Hitmetrix - User behavior analytics & recording

In Google's Shadow, Ask Jeeves Grows

While Google and its gigantic stock offering draw the attention, Ask Jeeves has been content to quietly build its share of the search market.

“The amount of attention focused on the Google brand has already been extreme,” said Jim Lanzone, vice president of product management at Ask Jeeves. “We've had to deal with that every day.”

Lanzone, fresh off interviewing a job candidate for the expanding Emeryville, CA, company, makes the case that Ask Jeeves has become a force in search. The company increased queries 42 percent year-over-year in the first quarter, users by 20 percent and search frequency by 14 percent.

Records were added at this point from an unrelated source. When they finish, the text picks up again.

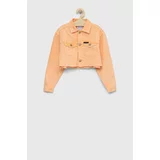 Calvin Klein Jeans Dječja traper jakna boja: narančasta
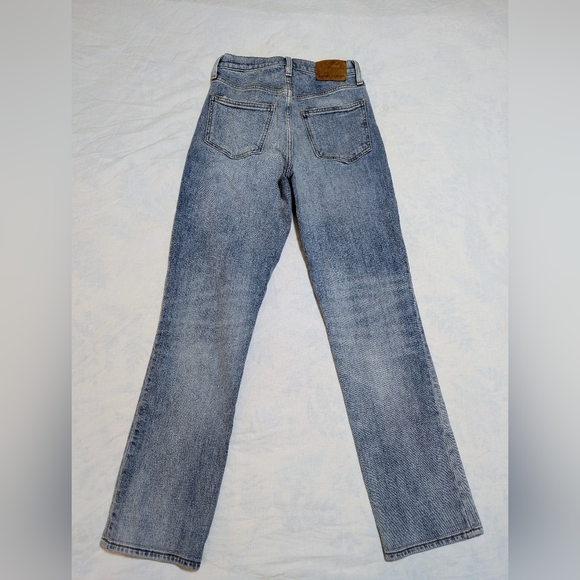 Denim Forum ARITZIA The Arlo High Rise Straight Leg Jeans 30L Size 25 - Picture 10 of 16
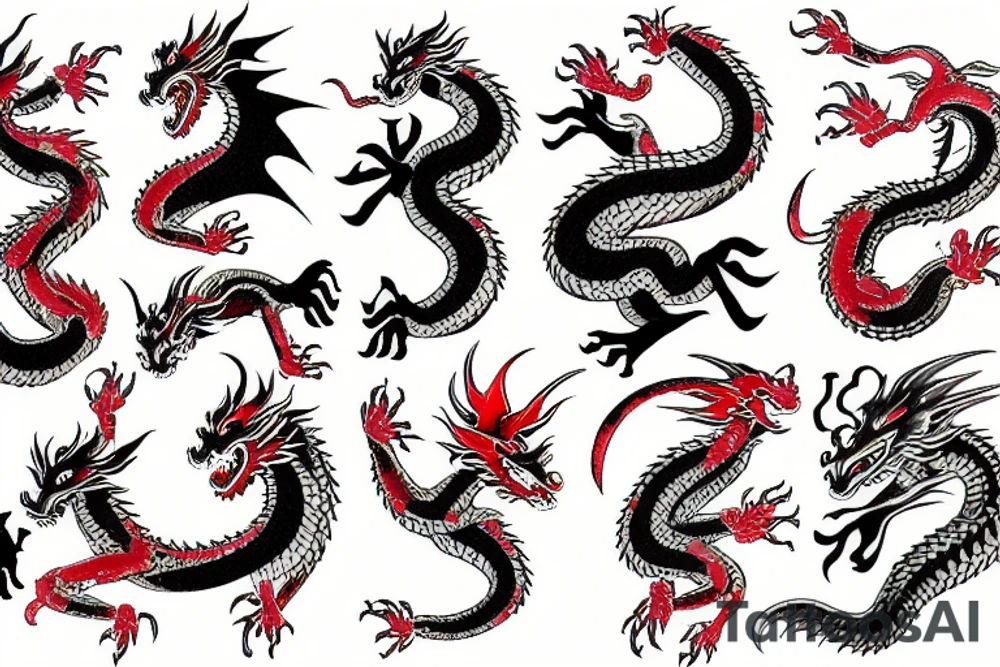Japoneses dragon tattoo idea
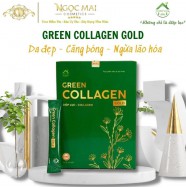 Thực Phẩm Bảo Vệ Sức Khỏe Diệp Lục Collagen Gold Green Collagen (10 gói) Chính Hãng, Ngăn Ngừa Lão Hóa, Giúp Tóc Chắc Khỏe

The company's acquisition of Interactive Search Holdings, which closed May 6, doubled its share of the search market to 7 percent. In addition to Ask.com, the company now operates iWon.com, MyWay.com and MySearch.com — a stable of search properties that it reckons raises its reach to 29 million searchers. Combined, the Ask Jeeves search properties handled 1.7 billion queries last quarter.

The key to Ask Jeeves' position in the competitive search market, its executives say, is that it owns its search technology. Unlike MSN, which is building algorithmic search capability, and AOL, which relies on Google, Ask Jeeves has Teoma, a Web search technology it bought for a bargain-basement price of $4.5 million in September 2001, well before the search boom.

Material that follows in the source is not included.